** What the exercise asks **
Lines from the one holding "Benefits of Eyebrow Transplant in UAE" through the end of the entries, inclusive, form the whole output; reproduce them exactly and omit pictures.

(Extracted records)
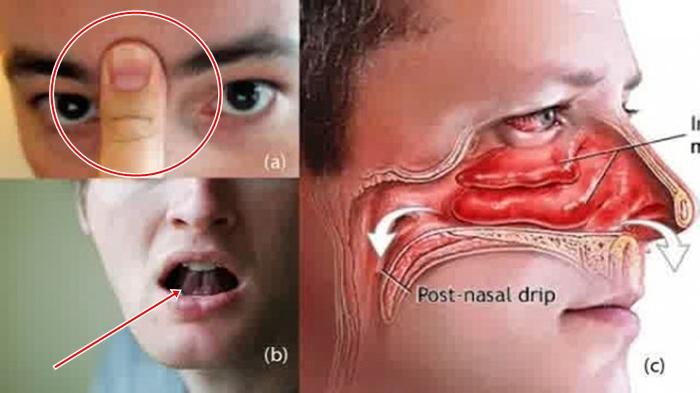 Detail Gambar Hidung Tersumbat Nomer 6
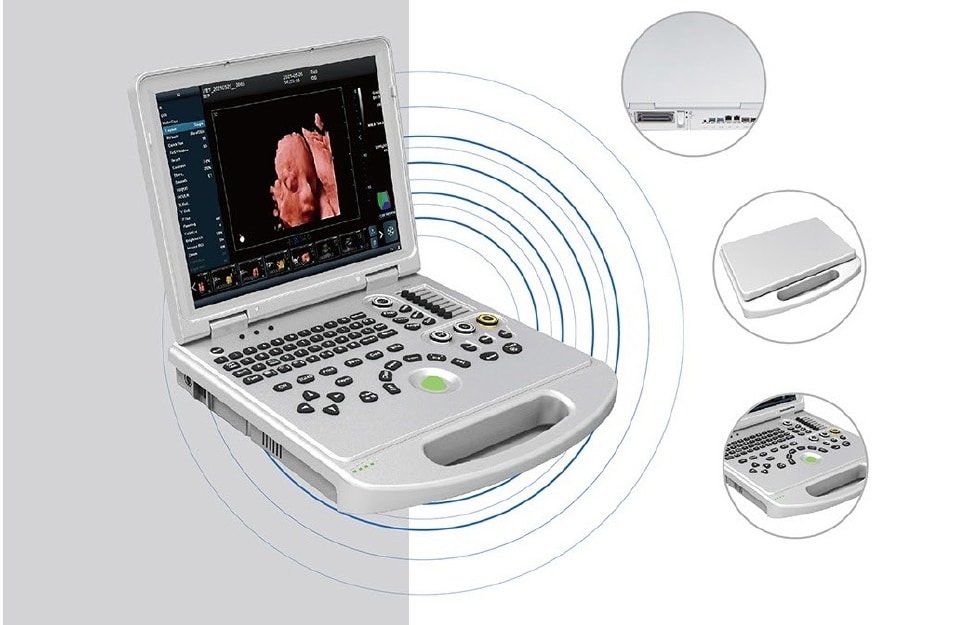 OBGYN Recommended Color Doppler Ultrasound Machine-MS-U50 5 color doppler ultrasound machine-MS-U50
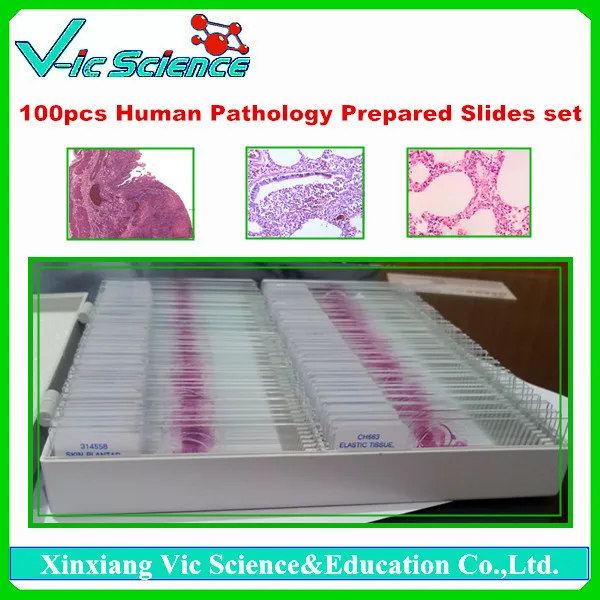 100 шт. набор слайдов для патологии человека|pathology slides|setset 10 |
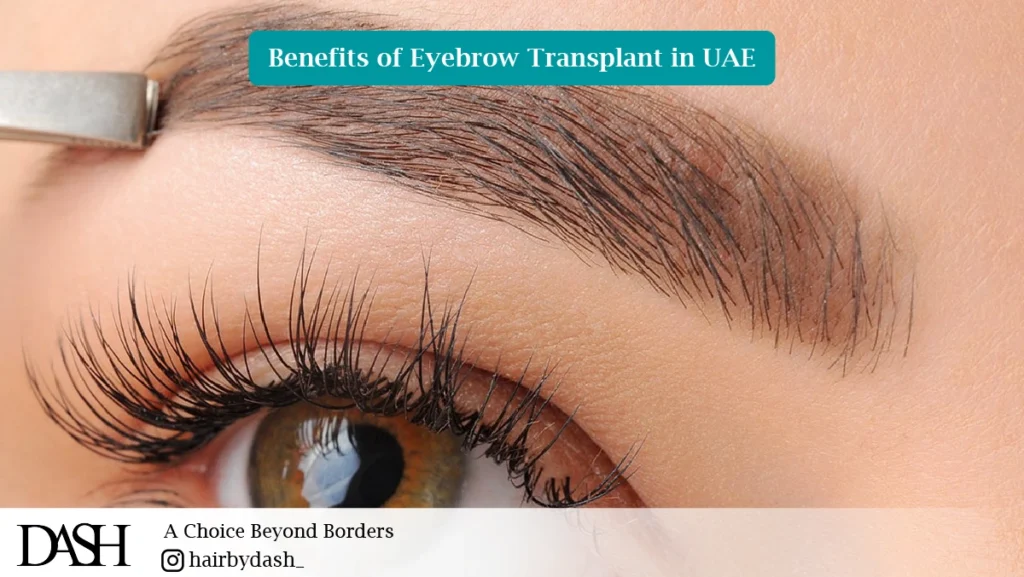 Benefits of Eyebrow Transplant in UAE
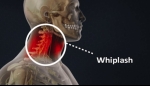 Diagnosing Whiplash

** Answer area **
 Benefits of Eyebrow Transplant in UAE
 Diagnosing Whiplash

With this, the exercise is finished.